Chandler’s blueprints also reveal specific elements of the home’s layout prior to his renovation. Faint dotted lines appear in different areas of the house, indicating where walls, windows, and doors would need to be removed or altered to realize Chandler’s design. Most notable is the staircase removal from the back wing of the house, allowing Chandler to design and install a Butler’s Pantry for easier service during lunch parties and removing old walls above it to create one large space rather than an upstairs hall and bedrooms.

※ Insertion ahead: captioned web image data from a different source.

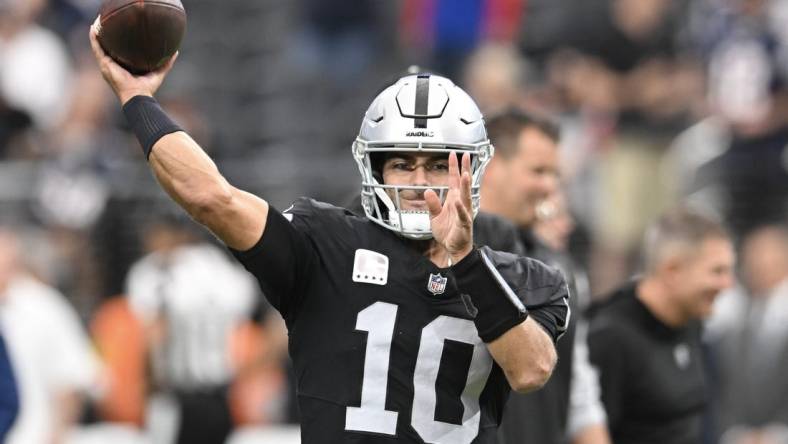 Oct 15, 2023; Paradise, Nevada, USA; Las Vegas Raiders quarterback Jimmy Garoppolo (10) warms up against the New England Patriots at Allegiant Stadium. Mandatory Credit: Candice Ward-USA TODAY Sports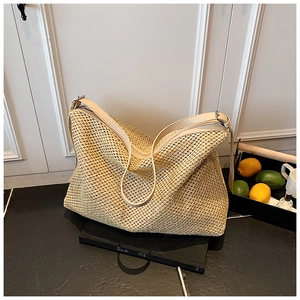 Gros plan détaillé montrant la texture tissée serrée de ce sac cabas en paille beige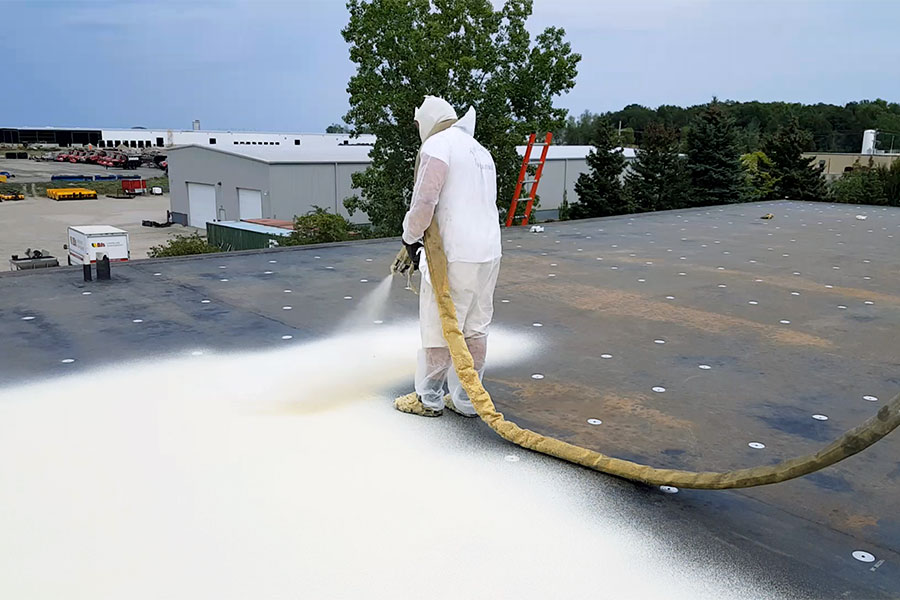 spray-foam-roofing-installation-hdr-img A man on a roof working on a roof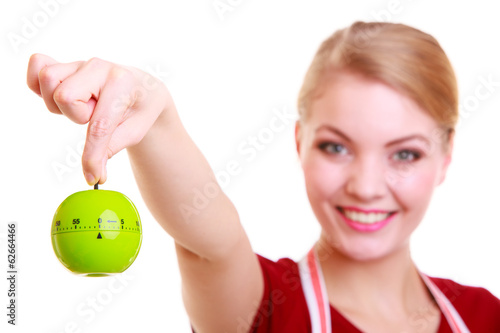 Happy housewife or chef in kitchen apron showing apple timer photo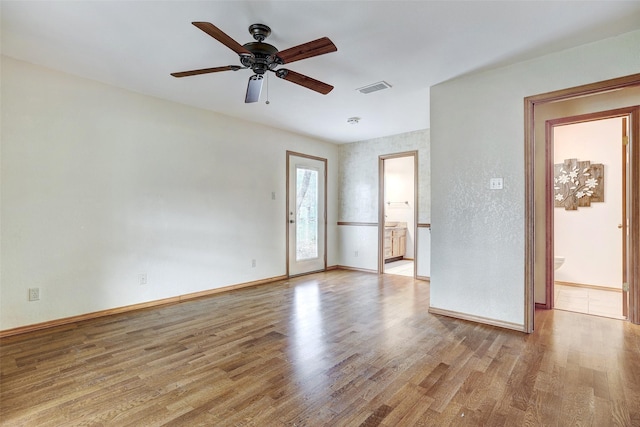 empty room with light hardwood / wood-style floors and ceiling fan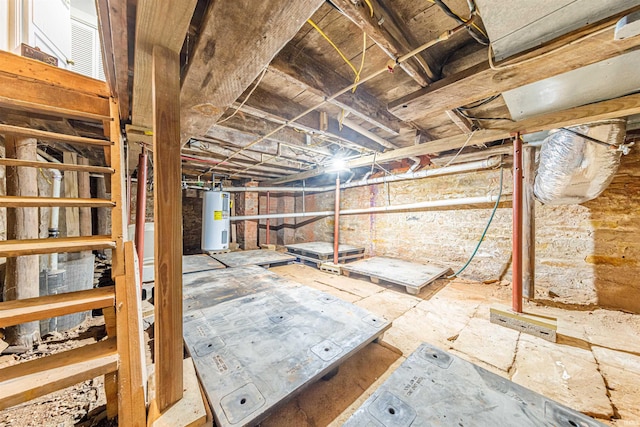 unfinished basement featuring water heater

Chandler’s talents extended beyond the arrangement of walls and windows, however, into the realms of color and design—and it is here where we can see how he managed his entitled clientele. Cost was a recurring concern for John, and he noted in their Thinkbook that the plans “are attractive but we fear very expensive [because] he wants to paint the house white.”1 When John went to confront Chandler, however, he was unsuccessful in changing the architect’s mind: “the result [of our meeting] was satisfactory for one of the amiable and intelligent traits in his character is that he never says no to any suggestion, [but] if he does not like it he seeks to divert it by oblique opposition.”2 After several months of considering painting the house white, and one afternoon of attempting to alter Chandler’s plans, John gave up on trying to save money on the exterior paint and acquiesced to Chandler’s vision.
Close-up of blueprints of first floor. The dotted lines inside the "SERVING PANTRY" show old walls and supports for the former front hall staircase. Image courtesy of The Trustees of Reservations Archives & Research Center, The Stevens-Coolidge Place Collection.
Helen and John left for Paris shortly after finalizing the blueprints with Chandler. Over the next three years, the renovation at Ashdale Farm was entirely in Chandler’s hands. New research reveals that Chandler’s impact on the house was far more holistic than previously imagined: photographs from the late 1890s and early 1920s reveal how each room was furnished before and after Chandler’s work. However, we needed the expert help of conservator Christine Thomson to investigate the wallpaper and paint colors from these black and white photos. With her help, we uncovered Chandler’s deep involvement in all phases of the project—including his hand-picked choices of pale green wallpaper in the Library—one of the largest entertaining spaces—and a blush pink in the Morning Room. The colors, textures, and patterns Chandler incorporated throughout the home, including in the formal gardens, guided how the Coolidges furnished and used each space both inside and outside of the house’s wooden walls.
The Library at Stevens-Coolidge after Chandler's renovation, 1918-1923. Photograph from album BL4. Image courtesy of The Trustees of Reservations Archives & Research Center, The Stevens-Coolidge Place Collection.
The Library at Stevens-Coolidge in 2021, showing the newly-installed wallpaper in original colors as chosen by Chandler. Image courtesy of Katharine F. Grant, Curatorial Fellow.